In the distance past the parks lie the train tracks and past them the Rio de la Plata and the activity of a working port.  We did not care for the train, though it was only a few centavos more expensive.  It was a longer walk to catch it, an equally squashed ride for a few stops with no redeeming sites, and then almost a 3000 kilometer (about 2 miles) to the office.  Once was enough for this jornada de morte! 

At night around 8 PM, I like taking the subte, the Argentina subway (subte is short for subtreanno), which costs maybe 50 cents USD.  Linea A is almost quaint and is the oldest subway in Latin America.  Linea D, which I can pick up about 4 blocks from the office at Catedral, at the start of the line, and take to the next to last stop at Juramento, works for me.  The subte is a squash as well, but picking the right train and car, I can plant myself next to the door away from the siding, and hold on tight without being mauled along the way.  It is much faster, though the walking makes it a “push.”  Once I alight from the train, it’s a nice walk on a winter night through past the panaderias, cafes, mercados, and shops, all brightly lit in the neighborhood.  Then I walk diagonally through a hillside park and down at Pampas and across the train tracks and finally to the apartamento only a few more blocks away. 

It all works and is affordable, and reasonably quick and efficient.

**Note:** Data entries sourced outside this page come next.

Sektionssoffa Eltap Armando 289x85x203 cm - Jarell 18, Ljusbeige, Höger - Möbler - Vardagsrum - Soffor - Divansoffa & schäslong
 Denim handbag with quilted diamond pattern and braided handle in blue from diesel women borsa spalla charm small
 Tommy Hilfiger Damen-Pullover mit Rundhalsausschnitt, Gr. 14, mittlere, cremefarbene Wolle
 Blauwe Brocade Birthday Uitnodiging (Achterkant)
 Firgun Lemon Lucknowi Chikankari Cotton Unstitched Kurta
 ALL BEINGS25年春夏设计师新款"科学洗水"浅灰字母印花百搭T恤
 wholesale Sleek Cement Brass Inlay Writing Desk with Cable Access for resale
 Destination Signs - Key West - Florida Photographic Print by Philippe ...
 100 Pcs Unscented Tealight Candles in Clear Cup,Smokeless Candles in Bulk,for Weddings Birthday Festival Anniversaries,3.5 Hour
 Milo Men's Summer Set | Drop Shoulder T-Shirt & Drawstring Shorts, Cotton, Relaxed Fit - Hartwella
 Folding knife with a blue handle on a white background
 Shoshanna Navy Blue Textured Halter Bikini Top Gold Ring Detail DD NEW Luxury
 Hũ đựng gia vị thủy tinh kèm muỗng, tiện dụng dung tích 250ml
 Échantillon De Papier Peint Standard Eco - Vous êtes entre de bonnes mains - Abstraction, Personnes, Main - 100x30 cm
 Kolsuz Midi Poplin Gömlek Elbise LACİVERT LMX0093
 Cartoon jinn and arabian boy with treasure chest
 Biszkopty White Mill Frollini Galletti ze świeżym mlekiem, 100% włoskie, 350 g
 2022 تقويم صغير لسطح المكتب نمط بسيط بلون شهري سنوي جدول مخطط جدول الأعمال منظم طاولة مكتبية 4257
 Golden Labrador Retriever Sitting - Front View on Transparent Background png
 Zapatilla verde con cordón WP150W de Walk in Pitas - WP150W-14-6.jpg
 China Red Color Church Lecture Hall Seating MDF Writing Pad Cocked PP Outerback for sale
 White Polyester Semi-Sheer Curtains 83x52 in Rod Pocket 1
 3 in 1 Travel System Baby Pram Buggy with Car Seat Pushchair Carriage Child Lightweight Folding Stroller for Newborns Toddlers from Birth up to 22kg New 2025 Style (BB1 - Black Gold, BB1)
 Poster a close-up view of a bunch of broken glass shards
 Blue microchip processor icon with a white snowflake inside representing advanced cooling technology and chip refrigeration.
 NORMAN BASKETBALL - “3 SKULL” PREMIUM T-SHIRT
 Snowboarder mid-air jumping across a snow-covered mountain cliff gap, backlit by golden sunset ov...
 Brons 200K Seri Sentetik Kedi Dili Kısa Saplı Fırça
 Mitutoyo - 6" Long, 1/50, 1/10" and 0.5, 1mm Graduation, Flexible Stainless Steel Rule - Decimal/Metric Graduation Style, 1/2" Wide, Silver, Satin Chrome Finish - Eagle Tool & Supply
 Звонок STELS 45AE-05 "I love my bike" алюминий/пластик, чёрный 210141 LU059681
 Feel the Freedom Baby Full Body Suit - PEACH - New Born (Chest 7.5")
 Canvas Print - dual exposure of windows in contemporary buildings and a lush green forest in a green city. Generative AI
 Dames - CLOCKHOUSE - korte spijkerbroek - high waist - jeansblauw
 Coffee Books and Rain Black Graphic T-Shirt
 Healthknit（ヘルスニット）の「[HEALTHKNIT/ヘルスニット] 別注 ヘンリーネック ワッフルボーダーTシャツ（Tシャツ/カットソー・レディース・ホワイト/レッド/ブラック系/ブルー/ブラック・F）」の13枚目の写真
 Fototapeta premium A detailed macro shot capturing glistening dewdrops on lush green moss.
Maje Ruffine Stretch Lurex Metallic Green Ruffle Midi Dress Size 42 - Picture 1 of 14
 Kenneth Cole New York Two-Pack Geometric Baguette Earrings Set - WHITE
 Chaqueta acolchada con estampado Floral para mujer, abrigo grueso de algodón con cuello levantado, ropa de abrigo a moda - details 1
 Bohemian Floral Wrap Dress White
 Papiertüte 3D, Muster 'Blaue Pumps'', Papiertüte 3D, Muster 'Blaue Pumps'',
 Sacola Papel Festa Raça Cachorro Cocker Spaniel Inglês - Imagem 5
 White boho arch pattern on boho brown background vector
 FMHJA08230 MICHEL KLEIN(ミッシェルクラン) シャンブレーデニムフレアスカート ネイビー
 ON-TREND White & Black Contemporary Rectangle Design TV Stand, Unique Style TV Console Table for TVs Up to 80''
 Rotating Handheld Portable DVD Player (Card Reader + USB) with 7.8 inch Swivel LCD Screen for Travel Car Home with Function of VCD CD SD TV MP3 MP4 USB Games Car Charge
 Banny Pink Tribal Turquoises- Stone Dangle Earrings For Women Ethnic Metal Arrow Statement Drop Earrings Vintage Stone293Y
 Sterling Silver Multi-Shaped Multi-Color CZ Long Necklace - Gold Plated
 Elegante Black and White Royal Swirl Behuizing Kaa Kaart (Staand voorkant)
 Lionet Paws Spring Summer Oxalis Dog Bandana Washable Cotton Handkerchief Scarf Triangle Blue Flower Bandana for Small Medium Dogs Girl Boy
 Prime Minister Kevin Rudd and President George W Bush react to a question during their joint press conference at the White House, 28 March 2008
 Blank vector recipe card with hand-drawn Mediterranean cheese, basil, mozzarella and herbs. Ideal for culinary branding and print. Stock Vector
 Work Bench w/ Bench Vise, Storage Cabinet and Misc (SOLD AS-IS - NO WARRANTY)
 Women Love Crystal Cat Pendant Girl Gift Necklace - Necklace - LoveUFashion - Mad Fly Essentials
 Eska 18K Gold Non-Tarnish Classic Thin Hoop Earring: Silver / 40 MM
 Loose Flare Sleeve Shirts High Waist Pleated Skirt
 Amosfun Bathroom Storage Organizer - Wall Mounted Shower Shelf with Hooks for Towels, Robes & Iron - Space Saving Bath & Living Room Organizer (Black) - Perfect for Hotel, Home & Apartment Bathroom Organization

I think about this reading the headlines and emails about the latest crises in plane travel in world.  One recoils at the notion of once again standing in endless lines at airports for hours.  I can not even imagine the horror of travel for an hour, or four, or eight, or twelve, if stripped of books, magazines, music players, and computers — who cares about shampoo and water!  Standing and then sitting on the bus this morning, I wondered what could be next in reducing the quality of life and difficult of work, if travel is a necessary and fundamental part of your job, as it is for me. 

The tactics of true believers, committed to alienating, rather than building, a mass base, are frankly alien to me.  I can accept it all as just the price of life and work, but thinking about it, as one accepts the necessity of security, the surrender of the small graces of life can only be done with maximum protest.